Pulling SQL-Like queries from Server for Machine Learning and Data Analytics

I was brought on for data analytics, and I’m trying to learn the underlying structure of our information in epicor. At first, I thought a reasonable approach to get our data was cleaning production detail reports and efficiency logs and clean them for processing with python packages. This is definitely not the move and I need to find ways to query the underlying server for mass data collection.
In your opinion would connecting to the sql server via excel be a good place to start? Where would you start if you wanted to build searches with SQL queries?

NOTE: I have just started this so anything is helpful. I’ll do my best to provide as much information about our epicor layout if needed

I would recommend data replication setup. Where you SQL DB or certain views are replicated to a separate server / db and that can be used to get data out make cubes etc.

I would not recommend that you connect your production db to excel that’s a terrible idea IMO the production DB should be as pristine as possible and excel is a pig.

You can then connect to the replicated db with Power Pivot or the analytics engine of your choice. If you insist on using Excel Id recommend an OData Feed Pull via BAQ’s and the REST Interface.
(Quite a few articles about that in this forum, but the gist is you can pull data directly into Excel via the Epicor REST interface using an OData feed)

4 Likes

These recommendations are priceless. Excel is a mess I couldn’t agree more.

Great idea.

You can also pay Epicor for a replicated DB that you can build analytics around depending on your requirements.

1 Like

Is the ability to clone your data onto a replicated DB surrounded by red tape or relatively straightforward?

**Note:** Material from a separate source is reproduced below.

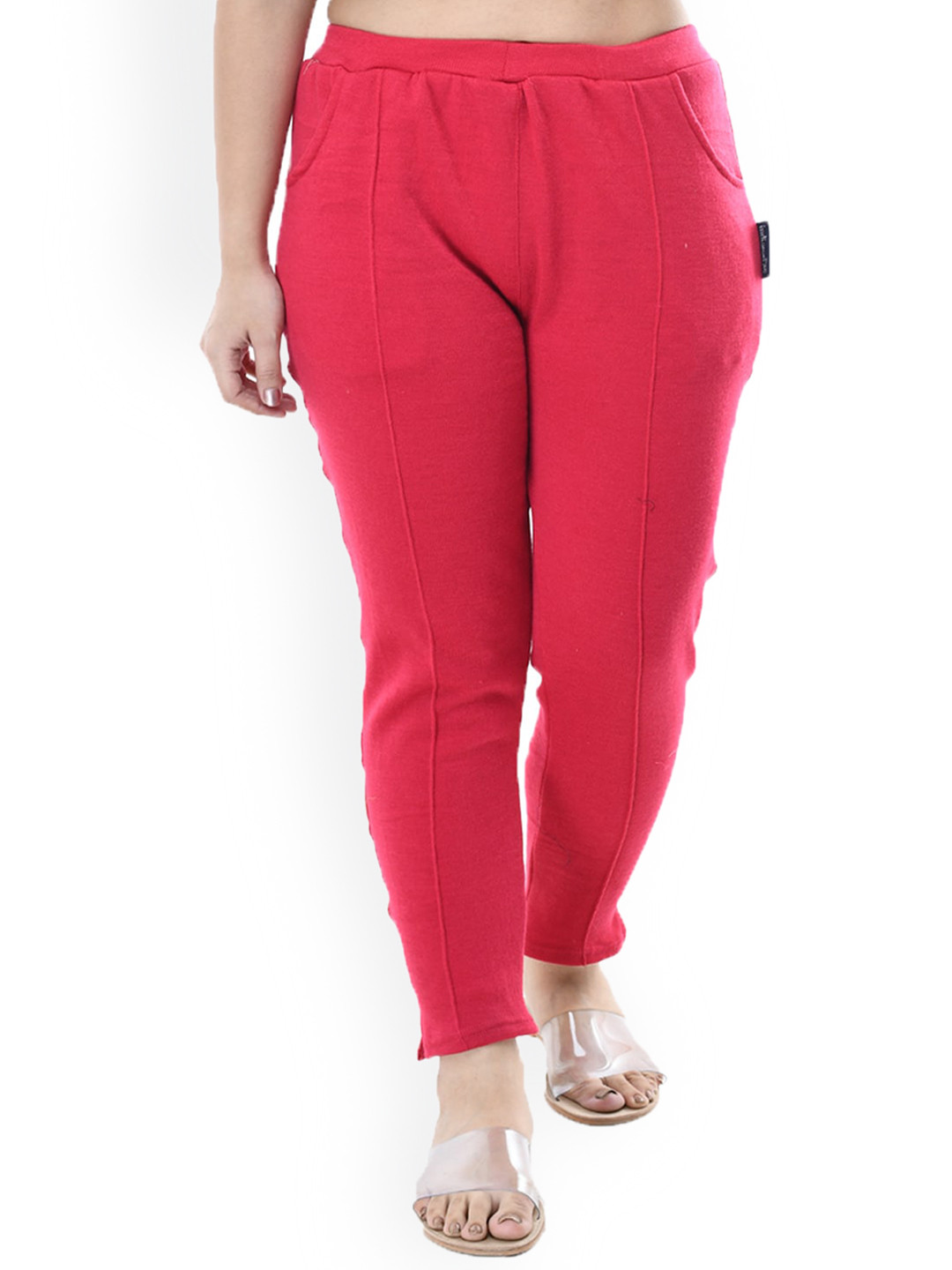 

IndiWeaves Women Relaxed High-Rise Wool Trousers, Magenta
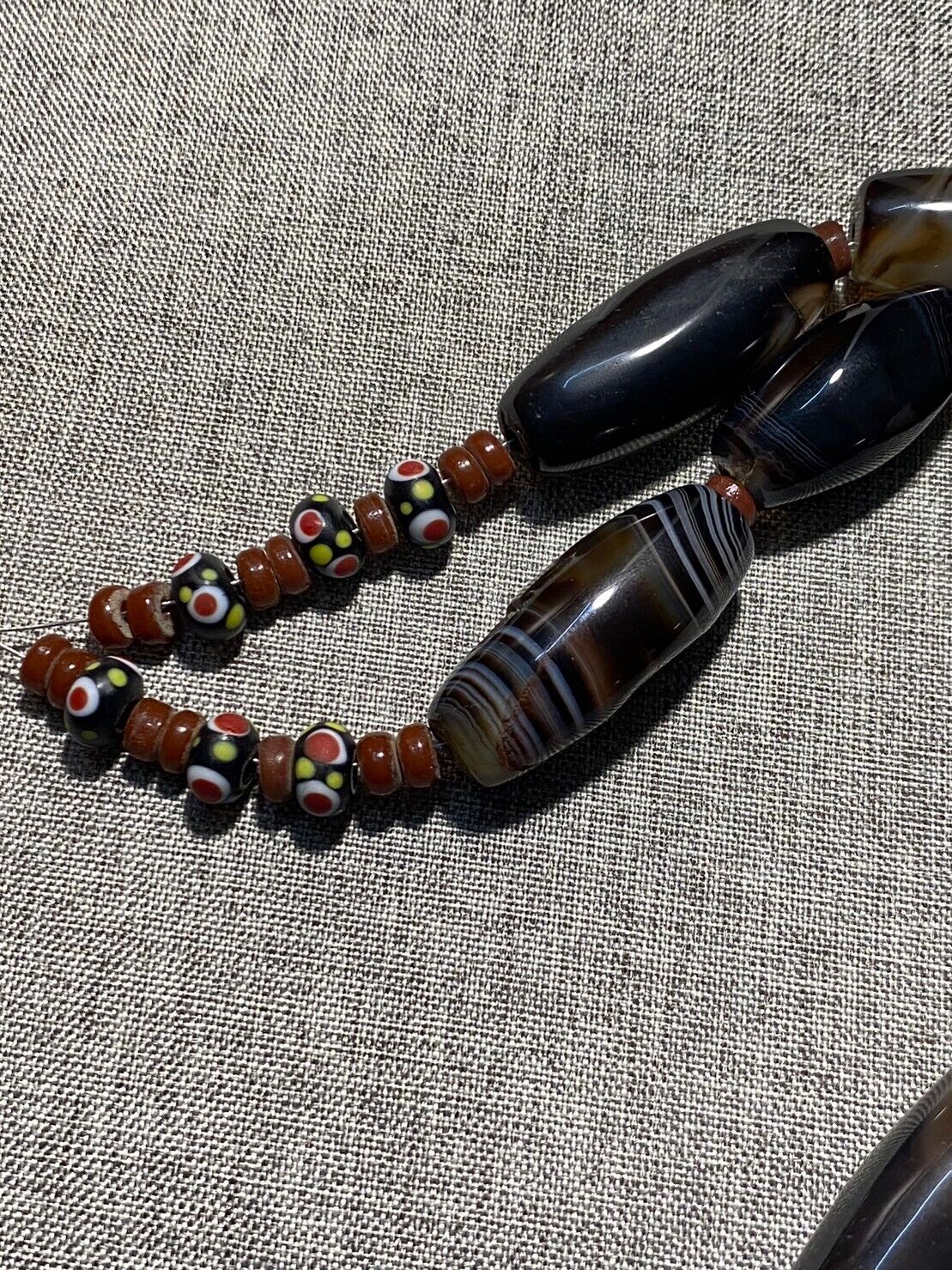 Antique African Himalayan banded Black Agate beads Suleimani unique Necklace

I honestly do not know. It’s just a replicated SQL db so I can’t imagine that there is too much red tape. Have you made a decision on your BI platform or is that still being decided?

1 Like

Haven’t decided yet. It isn’t as much about packaging the data into digestible dashboards, as it is taking it and running regressions and decision trees on it.

Peter, I would love to talk to you about this after you get something up and running. Would you keep me in mind?

I am looking to learn more about the subject matter and it would be cool to connect with you to learn about what you end up doing.

2 Likes

How clean is the data? Do you need to edit it to clean it up? Is your system on-prem or in the cloud?

If your data is clean enough and doesn’t need any editing then I guess you dont need to stage it anyway. In that case a replicated Db you can work with will be good. You could connect to it with python, excel or any other tool you have without the worry of impacting production. If you are on prem then spinning up a copy of the database should be straight forward. I assume you don’t need update the minute data to work with and if the data is a month old that is fine.

I did some experimental machine learning on our data. I had to do a fair bit of editing to clean up the data and I didnt want to edit the live data. I used Azure Data Studio to query the data with SQL queries then saved it out as a csv file. Cleaned it up in excel then used ML.Net/C# to create the machine learning model (I am familiar with C# so this option for easiest for me). As i had to edit the data the csv files were a good staging area for that process.

Very keen to hear how you go.

Brett

PS there is the Data Dictionary screen in Epicor that lists all the tables and fields. You can use that to start to get to know the structure of the tables.

1 Like

Said every data scientist everywhere.

:rofl:

1 Like